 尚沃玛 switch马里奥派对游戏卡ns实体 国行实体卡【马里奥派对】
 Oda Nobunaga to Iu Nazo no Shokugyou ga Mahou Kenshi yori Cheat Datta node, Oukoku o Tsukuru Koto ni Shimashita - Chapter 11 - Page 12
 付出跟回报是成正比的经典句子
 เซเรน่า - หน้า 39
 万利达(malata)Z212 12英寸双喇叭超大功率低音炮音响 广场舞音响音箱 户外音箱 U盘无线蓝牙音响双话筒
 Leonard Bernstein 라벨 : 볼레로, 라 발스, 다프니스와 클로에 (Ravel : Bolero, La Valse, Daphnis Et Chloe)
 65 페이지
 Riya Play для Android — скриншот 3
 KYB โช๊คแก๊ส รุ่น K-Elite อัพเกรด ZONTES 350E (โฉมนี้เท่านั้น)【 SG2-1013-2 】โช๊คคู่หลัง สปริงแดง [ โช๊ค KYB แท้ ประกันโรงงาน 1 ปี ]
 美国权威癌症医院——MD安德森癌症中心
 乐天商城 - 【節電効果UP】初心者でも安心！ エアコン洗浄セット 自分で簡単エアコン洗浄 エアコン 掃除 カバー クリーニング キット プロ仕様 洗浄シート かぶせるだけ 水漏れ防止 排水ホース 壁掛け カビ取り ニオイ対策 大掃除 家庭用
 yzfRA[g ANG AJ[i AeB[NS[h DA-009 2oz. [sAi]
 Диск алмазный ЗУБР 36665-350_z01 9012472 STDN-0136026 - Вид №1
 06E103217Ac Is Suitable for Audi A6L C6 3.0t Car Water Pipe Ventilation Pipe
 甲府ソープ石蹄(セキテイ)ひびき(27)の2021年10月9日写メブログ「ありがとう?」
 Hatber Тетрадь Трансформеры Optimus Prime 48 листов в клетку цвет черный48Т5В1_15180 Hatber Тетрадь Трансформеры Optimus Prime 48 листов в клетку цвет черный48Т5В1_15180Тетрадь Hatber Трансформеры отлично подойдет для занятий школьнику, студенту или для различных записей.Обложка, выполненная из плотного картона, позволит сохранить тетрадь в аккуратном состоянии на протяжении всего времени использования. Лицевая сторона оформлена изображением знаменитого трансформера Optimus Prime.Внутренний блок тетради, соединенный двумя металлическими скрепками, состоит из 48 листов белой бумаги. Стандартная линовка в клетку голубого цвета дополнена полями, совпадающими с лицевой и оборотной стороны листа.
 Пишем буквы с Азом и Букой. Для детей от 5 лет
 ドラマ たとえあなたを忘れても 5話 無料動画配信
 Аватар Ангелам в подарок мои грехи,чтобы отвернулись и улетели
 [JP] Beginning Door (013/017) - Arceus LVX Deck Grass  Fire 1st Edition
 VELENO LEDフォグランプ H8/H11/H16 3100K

□ □ □ □ □ □ □

Write out the whole listing exactly.

**WRITTEN RESPONSE**
 尚沃玛 switch马里奥派对游戏卡ns实体 国行实体卡【马里奥派对】
 Oda Nobunaga to Iu Nazo no Shokugyou ga Mahou Kenshi yori Cheat Datta node, Oukoku o Tsukuru Koto ni Shimashita - Chapter 11 - Page 12
 付出跟回报是成正比的经典句子
 เซเรน่า - หน้า 39
 万利达(malata)Z212 12英寸双喇叭超大功率低音炮音响 广场舞音响音箱 户外音箱 U盘无线蓝牙音响双话筒
 Leonard Bernstein 라벨 : 볼레로, 라 발스, 다프니스와 클로에 (Ravel : Bolero, La Valse, Daphnis Et Chloe)
 65 페이지
 Riya Play для Android — скриншот 3
 KYB โช๊คแก๊ส รุ่น K-Elite อัพเกรด ZONTES 350E (โฉมนี้เท่านั้น)【 SG2-1013-2 】โช๊คคู่หลัง สปริงแดง [ โช๊ค KYB แท้ ประกันโรงงาน 1 ปี ]
 美国权威癌症医院——MD安德森癌症中心
 乐天商城 - 【節電効果UP】初心者でも安心！ エアコン洗浄セット 自分で簡単エアコン洗浄 エアコン 掃除 カバー クリーニング キット プロ仕様 洗浄シート かぶせるだけ 水漏れ防止 排水ホース 壁掛け カビ取り ニオイ対策 大掃除 家庭用
 yzfRA[g ANG AJ[i AeB[NS[h DA-009 2oz. [sAi]
 Диск алмазный ЗУБР 36665-350_z01 9012472 STDN-0136026 - Вид №1
 06E103217Ac Is Suitable for Audi A6L C6 3.0t Car Water Pipe Ventilation Pipe
 甲府ソープ石蹄(セキテイ)ひびき(27)の2021年10月9日写メブログ「ありがとう?」
 Hatber Тетрадь Трансформеры Optimus Prime 48 листов в клетку цвет черный48Т5В1_15180 Hatber Тетрадь Трансформеры Optimus Prime 48 листов в клетку цвет черный48Т5В1_15180Тетрадь Hatber Трансформеры отлично подойдет для занятий школьнику, студенту или для различных записей.Обложка, выполненная из плотного картона, позволит сохранить тетрадь в аккуратном состоянии на протяжении всего времени использования. Лицевая сторона оформлена изображением знаменитого трансформера Optimus Prime.Внутренний блок тетради, соединенный двумя металлическими скрепками, состоит из 48 листов белой бумаги. Стандартная линовка в клетку голубого цвета дополнена полями, совпадающими с лицевой и оборотной стороны листа.
 Пишем буквы с Азом и Букой. Для детей от 5 лет
 ドラマ たとえあなたを忘れても 5話 無料動画配信
 Аватар Ангелам в подарок мои грехи,чтобы отвернулись и улетели
 [JP] Beginning Door (013/017) - Arceus LVX Deck Grass  Fire 1st Edition
 VELENO LEDフォグランプ H8/H11/H16 3100K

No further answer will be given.